>>

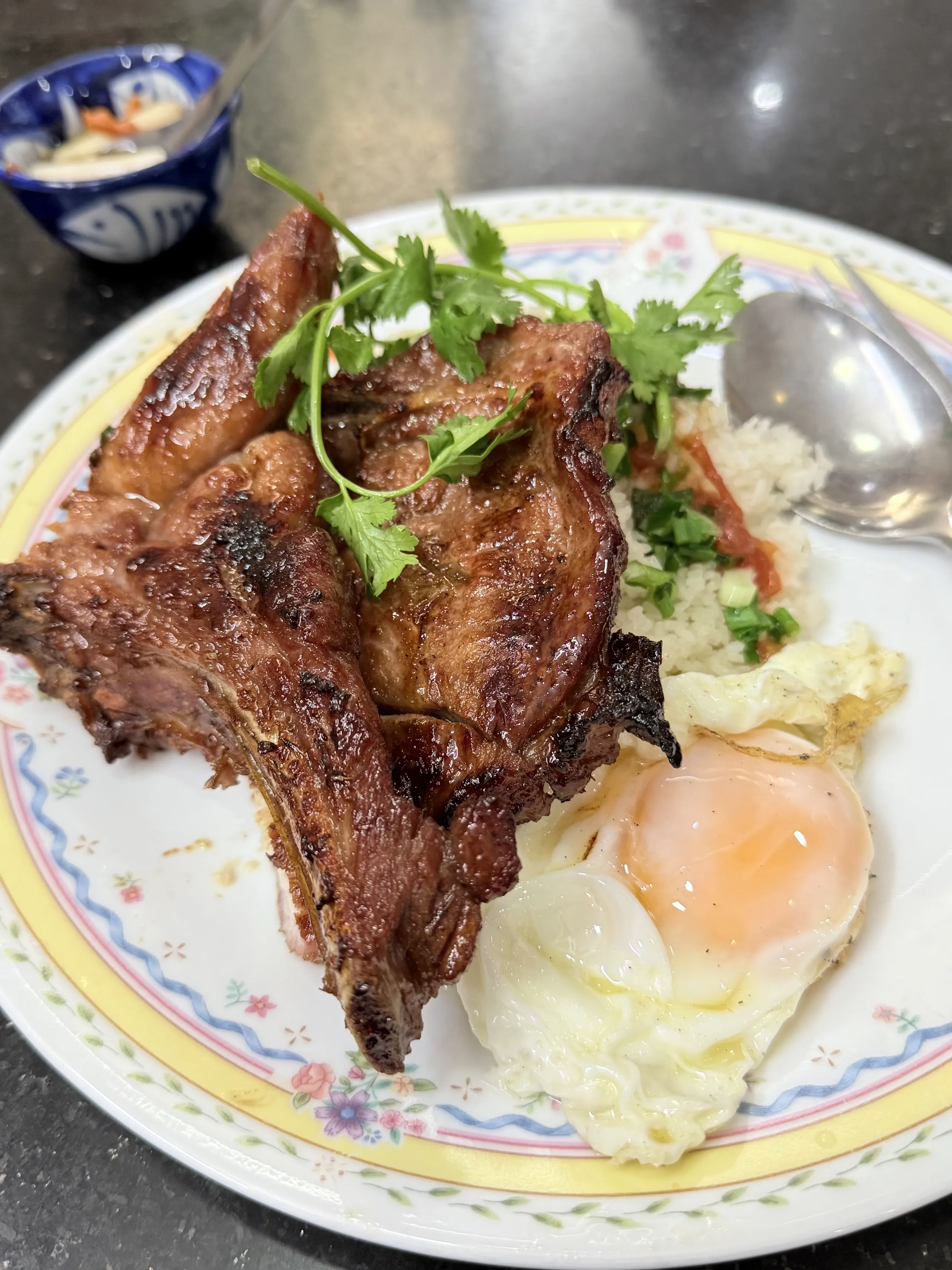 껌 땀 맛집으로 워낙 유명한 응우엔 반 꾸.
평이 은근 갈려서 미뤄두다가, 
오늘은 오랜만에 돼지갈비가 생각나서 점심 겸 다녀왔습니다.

<<
>>

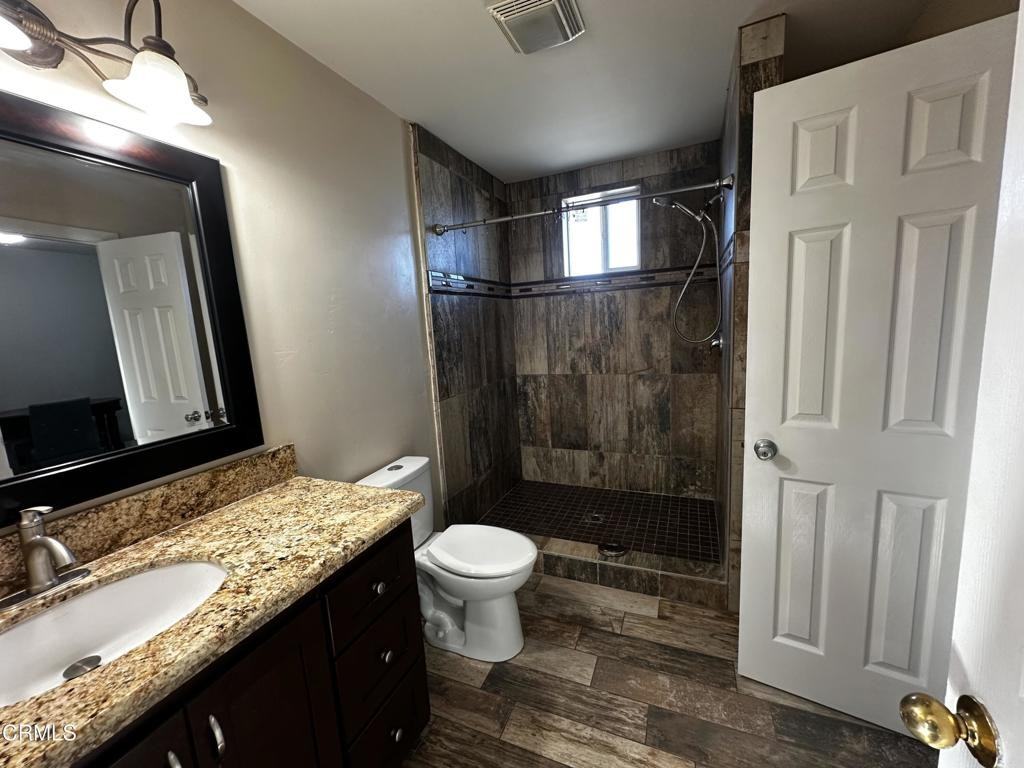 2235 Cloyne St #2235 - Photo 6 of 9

<<

TASK DETAILS:
After locating "껌 땀 맛집으로 워낙 유명한 응우엔 반 꾸." and "오늘은 오랜만에 돼지갈비가 생각나서 점심 겸 다녀왔습니다." in the records above, return exactly the line holding each one and every line between them; leave out the pictures.

RESULT:
 껌 땀 맛집으로 워낙 유명한 응우엔 반 꾸.
평이 은근 갈려서 미뤄두다가, 
오늘은 오랜만에 돼지갈비가 생각나서 점심 겸 다녀왔습니다.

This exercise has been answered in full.